What is needed here is an exact repetition of the records below, beginning at the line that has "KEMORELA Glass Cups" and stopping after the line that has "Digne-les-Bains : carte".

DATA FOR THE TASK »
===============

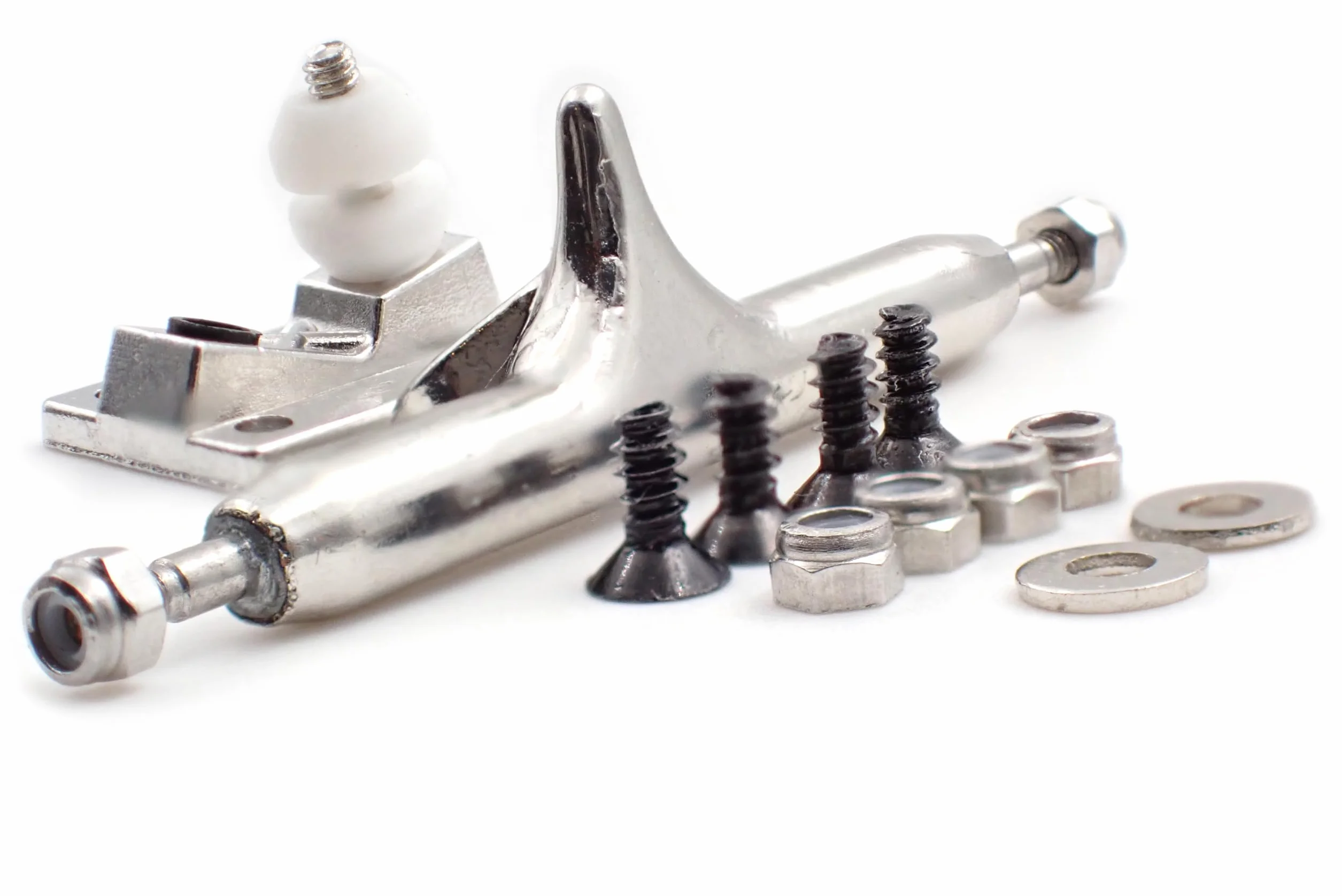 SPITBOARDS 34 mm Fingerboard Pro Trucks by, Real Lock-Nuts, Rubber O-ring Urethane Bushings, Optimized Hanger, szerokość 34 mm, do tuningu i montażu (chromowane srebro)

===============

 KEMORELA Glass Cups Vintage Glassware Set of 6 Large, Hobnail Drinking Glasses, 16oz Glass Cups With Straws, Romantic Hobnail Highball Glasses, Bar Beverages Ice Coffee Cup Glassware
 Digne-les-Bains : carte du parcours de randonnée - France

===============

SOLUTION BELOW »
 KEMORELA Glass Cups Vintage Glassware Set of 6 Large, Hobnail Drinking Glasses, 16oz Glass Cups With Straws, Romantic Hobnail Highball Glasses, Bar Beverages Ice Coffee Cup Glassware
 Digne-les-Bains : carte du parcours de randonnée - France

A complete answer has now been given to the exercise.